Input data Start Marker

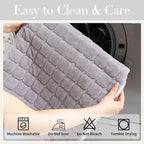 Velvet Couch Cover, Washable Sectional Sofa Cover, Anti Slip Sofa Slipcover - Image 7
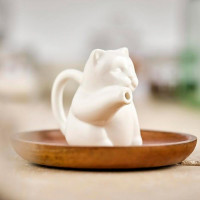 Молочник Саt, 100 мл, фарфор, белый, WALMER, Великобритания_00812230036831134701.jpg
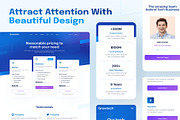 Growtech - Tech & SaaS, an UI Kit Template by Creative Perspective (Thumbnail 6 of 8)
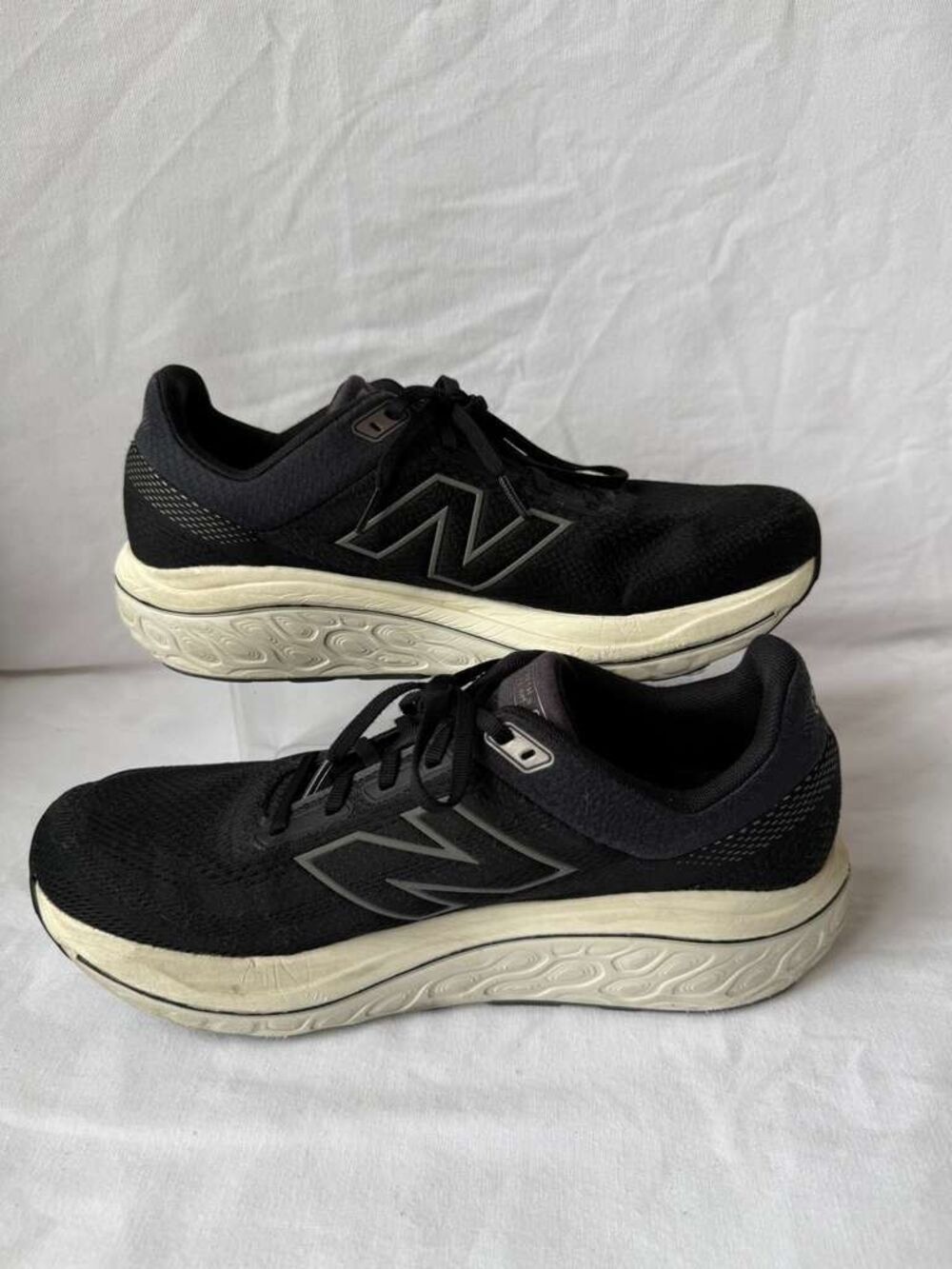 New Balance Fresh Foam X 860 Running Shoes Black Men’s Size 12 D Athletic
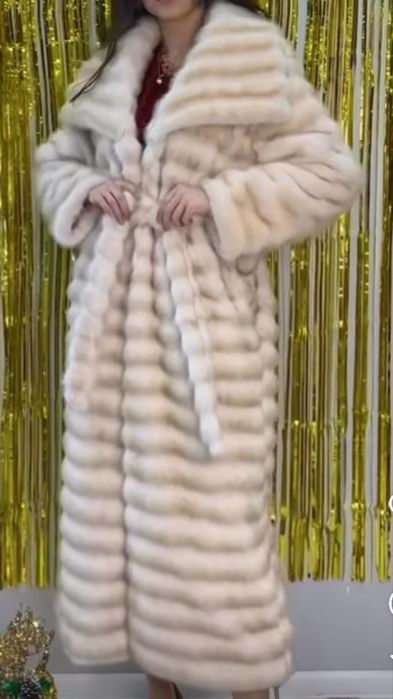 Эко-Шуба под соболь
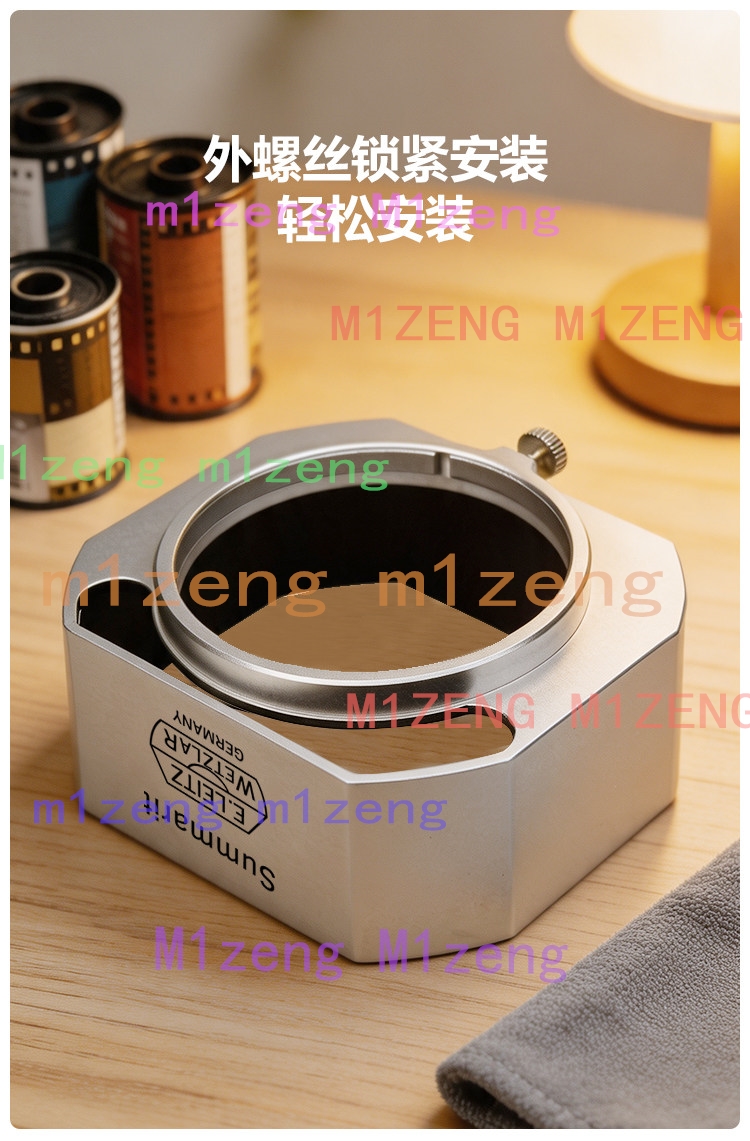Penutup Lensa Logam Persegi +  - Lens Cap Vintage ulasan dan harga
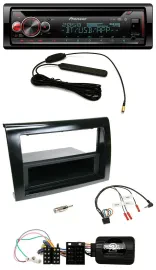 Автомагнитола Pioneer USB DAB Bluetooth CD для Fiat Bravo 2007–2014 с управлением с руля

Input data End Marker

**Problem statement**
Print exactly the lines from the first line of the records above through the line containing "Эко-Шуба под соболь", both included, and leave the pictures out.

**Result of the exercise**
 Velvet Couch Cover, Washable Sectional Sofa Cover, Anti Slip Sofa Slipcover - Image 7
 Молочник Саt, 100 мл, фарфор, белый, WALMER, Великобритания_00812230036831134701.jpg
 Growtech - Tech & SaaS, an UI Kit Template by Creative Perspective (Thumbnail 6 of 8)
 New Balance Fresh Foam X 860 Running Shoes Black Men’s Size 12 D Athletic
 Эко-Шуба под соболь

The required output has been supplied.